Empruntant le vallon très encaissé du "Bois du Ri", il laissait seulement la place à un chemin de chars lequel conduisait de Manguely au hameau du "Sabot" du bourg de Vourey.

Enfin, après la traversée de Vourey, il se jetait dans la Fure, non loin du confluent de cette rivière avec l’Isère.

Il avait également entendu parler de cette fameuse chapelle de la léproserie Marie- Magdeleine de Dolon et de sa "Fontaine aux lépreux".

Les eaux de ce ruisseau, par la sainteté du lieu, faisaient, paraît-il, des merveilles et l’on parlait de guérisons…

Depuis quelques années, les lépreux qui avaient la chance de découvrir cette maladrerie, allaient se tremper dans les eaux du ruisseau Dolon.

Un de ses anciens amis lui en avait même précisé le lieu : l’endroit où le lit du Ri était le plus encaissé, à l’entrée du bois de Manguely.

En principe, les lépreux ne devaient pas quitter leur retraite dans laquelle était pratiquée une loge d'où ils pouvaient, à l’aide des cliquettes, implorer la charité des passants.

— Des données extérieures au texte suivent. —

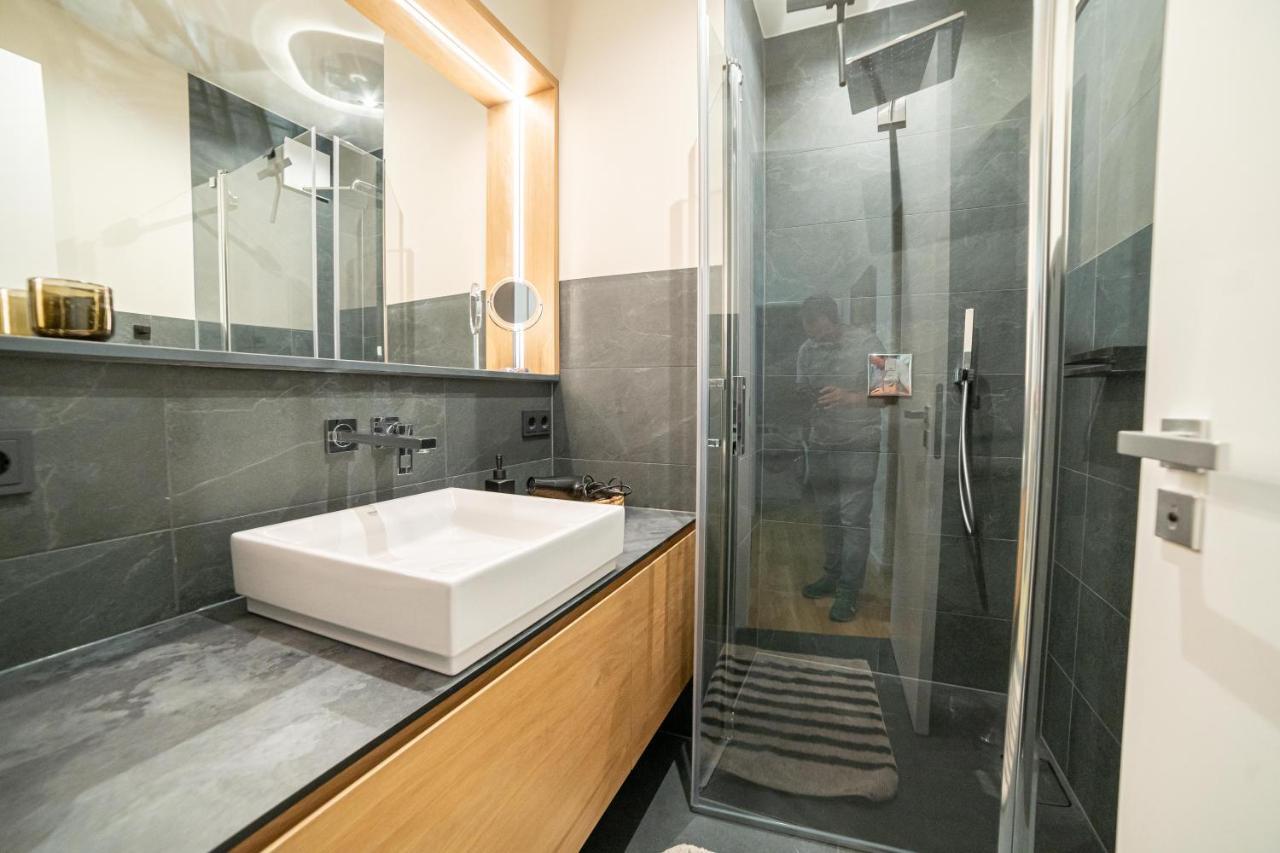 Full House Premium Apartments Йена Екстериор снимка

Mais cette règle était dérogée en l’hôpital de Dolon.

De larges adoucissements, en effet, permettaient aux malades de se baigner dans l’eau bienfaisante du ruisseau Dolon.

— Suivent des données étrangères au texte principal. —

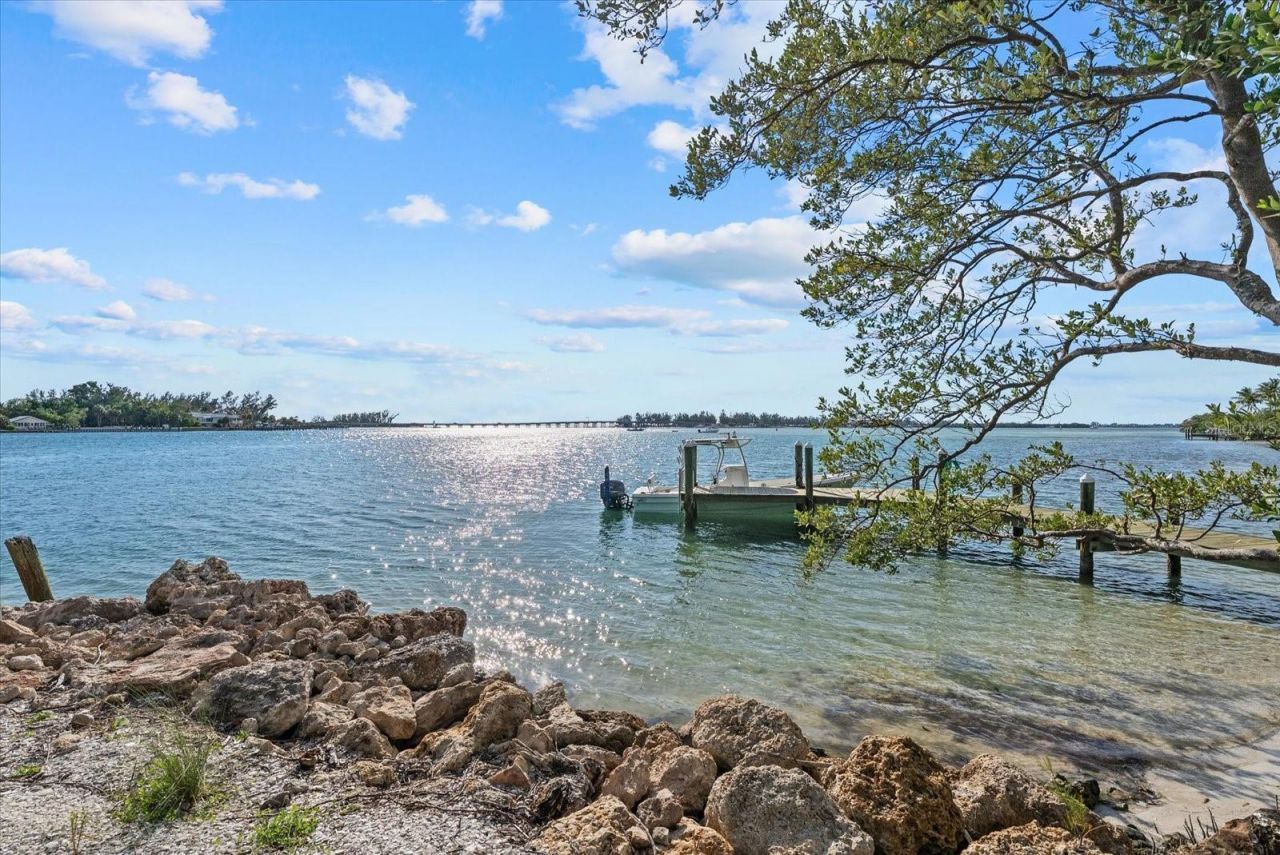 7143 La Lenaire Drive, Longboat Key, FL 34228 Photo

Toujours d’après son ami, l’hôpital de Dolon, car tel était son nom, avait semble-t‐il été fondé du temps des premières Croisades par le Comte de Savoie, et confié pour un temps aux Hospitaliers.

La maladrerie de Dolon et la chapelle connue sous le vocable Sainte Marie-Magdeleine (la sœur de Lazare que Jésus ressuscita), étaient conçues comme tant d’autres établissements pour recueillir les malades et pèlerins atteints de la lèpre, ce terrible fléau ramené d'Orient.

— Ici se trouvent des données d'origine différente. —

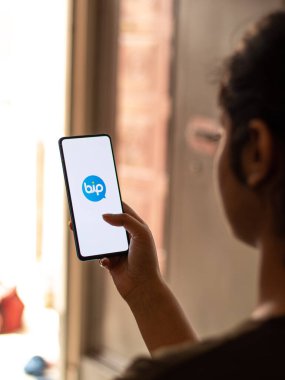 Assam, Hindistan - 04 Mayıs 2021: Telefon ekranı görüntüsünde BiP Messenger logosu.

La pluie redoublait de violence, et Antoine Tête remonta sa capuche sur son visage déformé par la maladie.

Il arrivait tout en bas du chemin.

Aucune lumière, à part celle diffusée faiblement par la lune au travers des épais nuages, ne guidait ses pas.

Soudain il l’aperçut.

On le lui avait décrit comme l'avant-dernière étape de sa quête.

Il était là, masse sombre, constitué de simples pierres jointes enjambant le ruisseau Dolon : le pont du Petit Bon Dieu !

Maintenant il savait.

Il savait que ces innombrables nuits à marcher seul dans le froid n’étaient déjà plus que de sombres souvenirs.

A quelques pas se trouvait l’hôpital de Dolon, lieu de cure miraculeuse.

Machinalement il enfouit sa main gantée sous la robe de bure afin de s'assurer que sa bourse, contenant les trente florins nécessaires à son entrée dans la maladrerie, était toujours présente.

Il s’arrêta au milieu du pont pour mieux entendre, sous ses pieds, le rugissement de l’eau tumultueuse du Dolon à cette époque de l’année.

Face à lui, il devinait le petit chemin boisé des "Terreaux" qui le mènerait bientôt à la maladrerie salvatrice.

Le pont du Petit Bon Dieu… quel drôle de nom !

Passage ultime entre son passé heureux et son futur incertain.

Un simple pont en pierres que d’autres malheureux avaient dû franchir avant lui. Un simple pont... mais quel symbole !

L’ayant traversé, il se retourna une dernière fois. Son esprit fatigué ne put s’empêcher de vagabonder.

Plus tard… bien plus tard… si l’humanité survit à cette maudite lèpre, les générations futures prendront-elles soin de ce petit pont ?

Il remonta sur son front la capuche de toile grossière et s’enfonça lentement dans la nuit des temps…

1 ­‐ Sortes de crécelles, composée de deux languettes de bois, que le lépreux frappait violemment l’une contre l’autre pour attirer les passants et solliciter leurs aumônes.